Perhaps append to the comment: (the mountpoint ('created') is created elsewhere

[jdstrand]

Based on the placement within the current profiles list, I was expecting that this would have a parent-id on tmpfs.

Also, why don't these (and the other) example mount profiles use x-snapd.id? I was thinking every mount would have x-snapd.id, most would have x-snapd.parent-id and some would have x-snapd.synthetic....

[jdstrand]

I thought the unmounts were supposed to happen in the reverse order. The current has: 'tmpfs, existing, created', but the unmount is 'existing, created, tmpfs'. Is this intended?

[jdstrand]

Perhaps more detail on '.../created' would make this test clearer.

[jdstrand]

s/none/tmpfs/

[zyga]

Done

[jdstrand]

Why are tmpfs, existing and created all kept (and again, not in the expected order) when only created is desired? I don't see anything in 'created' about a parent-id. If it is because the prefix is the same, can you add a comment stating this?

[jdstrand]

Ok, this clarifies some of my questions on why x-snapd.id isn't being set in the testsuite, but then, why is x-snapd.id needed at all if we are just going to use e.Dir here? When is x-snapd.id set to the hash? How is that hash calculated?

[zyga]

This is something I was experimenting with. Initially it was just an opaque ID that snapd would generate. Then I realized it cannot be so because that identifier has to be stable so I resorted to hashing the whole entry. Then I realized it actually needs to be implicitly defined so that existing installations upgrade correctly (and by correctly I mean that there are no spurious changes). In the end this just became the mount point. I think that we can simplify this aspect and just use the e.Dir (ill-named for files but still) directly.

[jdstrand]

"I think that we can simplify this aspect and just use the e.Dir (ill-named for files but still) directly."

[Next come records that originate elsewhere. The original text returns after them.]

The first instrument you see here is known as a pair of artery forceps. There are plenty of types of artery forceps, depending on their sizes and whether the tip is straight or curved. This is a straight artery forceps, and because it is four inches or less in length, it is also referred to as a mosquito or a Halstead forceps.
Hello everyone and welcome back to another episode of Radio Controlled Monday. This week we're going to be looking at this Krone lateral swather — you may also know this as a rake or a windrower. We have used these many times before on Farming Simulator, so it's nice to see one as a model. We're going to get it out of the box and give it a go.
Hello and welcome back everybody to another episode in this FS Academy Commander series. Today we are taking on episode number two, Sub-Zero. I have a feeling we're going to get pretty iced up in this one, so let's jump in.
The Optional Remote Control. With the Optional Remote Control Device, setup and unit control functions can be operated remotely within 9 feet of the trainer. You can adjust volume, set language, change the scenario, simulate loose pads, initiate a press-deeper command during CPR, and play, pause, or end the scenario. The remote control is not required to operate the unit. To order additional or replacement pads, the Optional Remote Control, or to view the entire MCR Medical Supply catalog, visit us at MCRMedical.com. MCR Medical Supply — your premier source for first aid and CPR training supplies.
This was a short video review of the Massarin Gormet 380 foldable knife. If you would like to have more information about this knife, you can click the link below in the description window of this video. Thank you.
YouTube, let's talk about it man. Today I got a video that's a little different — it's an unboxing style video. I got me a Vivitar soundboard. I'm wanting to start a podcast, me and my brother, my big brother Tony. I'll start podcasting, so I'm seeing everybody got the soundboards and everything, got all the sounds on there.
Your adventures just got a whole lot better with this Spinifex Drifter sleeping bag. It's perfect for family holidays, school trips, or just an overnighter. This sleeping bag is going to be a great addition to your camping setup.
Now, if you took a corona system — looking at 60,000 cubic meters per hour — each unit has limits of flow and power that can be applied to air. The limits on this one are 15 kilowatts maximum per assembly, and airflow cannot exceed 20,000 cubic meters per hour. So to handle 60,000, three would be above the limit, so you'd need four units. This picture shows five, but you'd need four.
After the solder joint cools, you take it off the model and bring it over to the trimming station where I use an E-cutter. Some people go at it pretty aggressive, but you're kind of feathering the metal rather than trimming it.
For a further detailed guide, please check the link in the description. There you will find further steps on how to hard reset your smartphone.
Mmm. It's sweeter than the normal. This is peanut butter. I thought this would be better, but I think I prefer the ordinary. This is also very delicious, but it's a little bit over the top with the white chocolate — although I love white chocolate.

Will this happen in a follow-up PR?

[zyga]

I'll do it in a follow up.

[jdstrand]

s/here/are/

[zyga]

I assume you meant s/are/here/

[jdstrand]

This comment is illuminating. I think it deserves to be in the actual code, not just the testsuite.

[zyga]

Done, moved to NeededChanges and reworded keeping the meaning.

[jdstrand]

s/syntetic/synthetic/

[zyga]

Done

[jdstrand]

Why is /usr/share/mysnap the parent-id? Is the parent-id intended to be the thing that caused this mount? (sorry, I don't see where we set parent-id anywhere so I'm not sure what it is supposed to be). If parent-id is meant to be the thing that caused this mount, I would suggest not calling it 'parent' since the term is overloaded with the term 'parent dir'. Ie, '/usr/share/mysnap' is not the parent dir of '/usr/share', but within the context of this code, it is the parent operation. I think this is the cause of some of my confusion and why I had so many questions up above.

[zyga]

I agree, it should not be called parent. Perhaps needed-by= would suffice?

[jdstrand]

Again, this comment is illuminating. I think discussing this in the code that does the operation would be worthwhile.

[jdstrand]

I'm going to mark this as approved, but please change 'parent-id' to 'needed-by' before committing. There is also one open question inline regarding x-snapd.id and e.Dir and when you would perform that cleanup. It would be nice to have here but can be in a follow-up PR.

[zyga]

@jdstrand I changed all parent-id to needed-by. I'll change to e.Dir in a follow-up.